:: PROBLEM STATEMENT ::
When you reproduce the listing, keep every word as it is and drop the pictures.

[SUPPLIED MATERIAL — start]

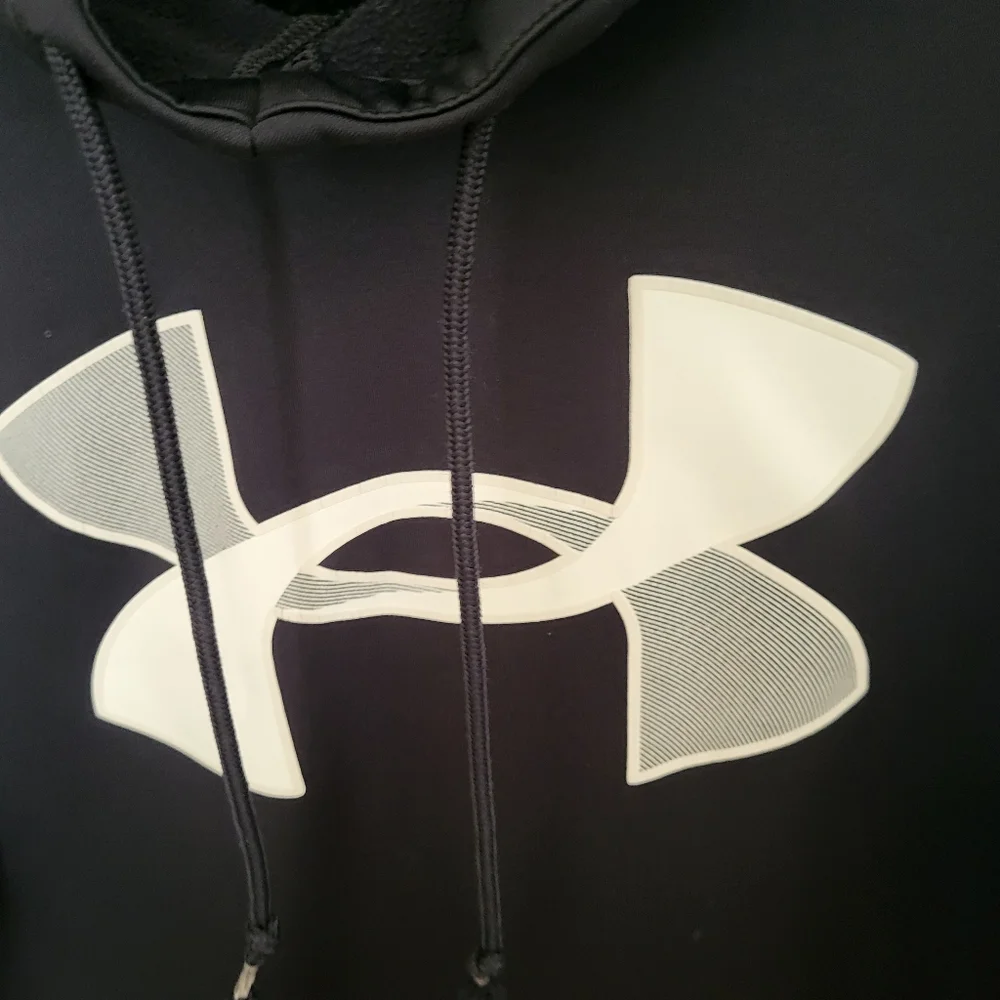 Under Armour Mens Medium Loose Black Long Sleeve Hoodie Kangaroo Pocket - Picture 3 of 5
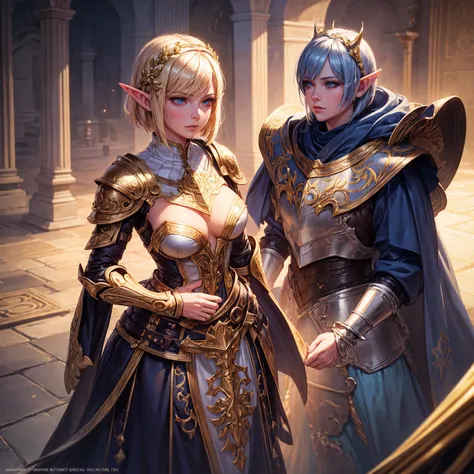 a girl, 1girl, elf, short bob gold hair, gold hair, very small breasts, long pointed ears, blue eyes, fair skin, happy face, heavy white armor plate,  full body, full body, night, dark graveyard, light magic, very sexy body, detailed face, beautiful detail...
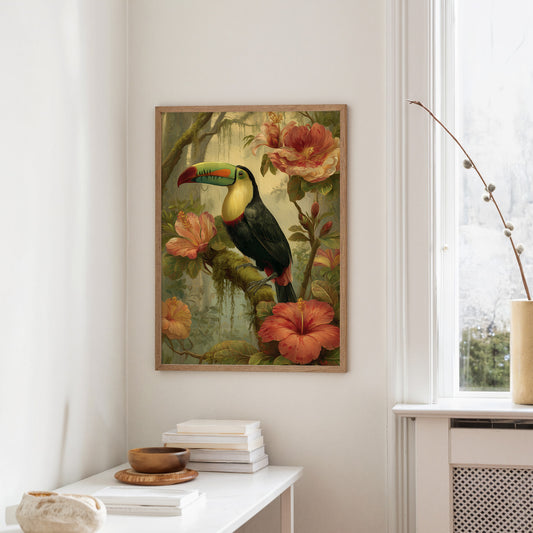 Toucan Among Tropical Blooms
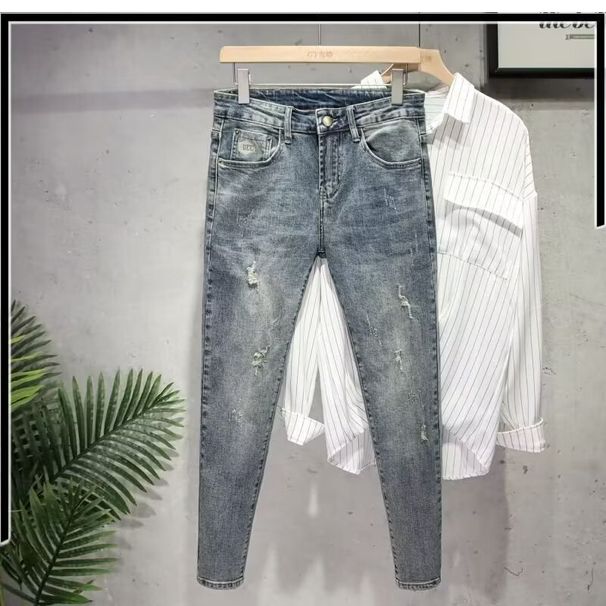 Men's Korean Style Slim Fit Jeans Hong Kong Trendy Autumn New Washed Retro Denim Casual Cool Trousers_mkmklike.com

[SUPPLIED MATERIAL — finish]

:: FINISHED EXERCISE ::
 Under Armour Mens Medium Loose Black Long Sleeve Hoodie Kangaroo Pocket - Picture 3 of 5
 a girl, 1girl, elf, short bob gold hair, gold hair, very small breasts, long pointed ears, blue eyes, fair skin, happy face, heavy white armor plate,  full body, full body, night, dark graveyard, light magic, very sexy body, detailed face, beautiful detail...
 Toucan Among Tropical Blooms
 Men's Korean Style Slim Fit Jeans Hong Kong Trendy Autumn New Washed Retro Denim Casual Cool Trousers_mkmklike.com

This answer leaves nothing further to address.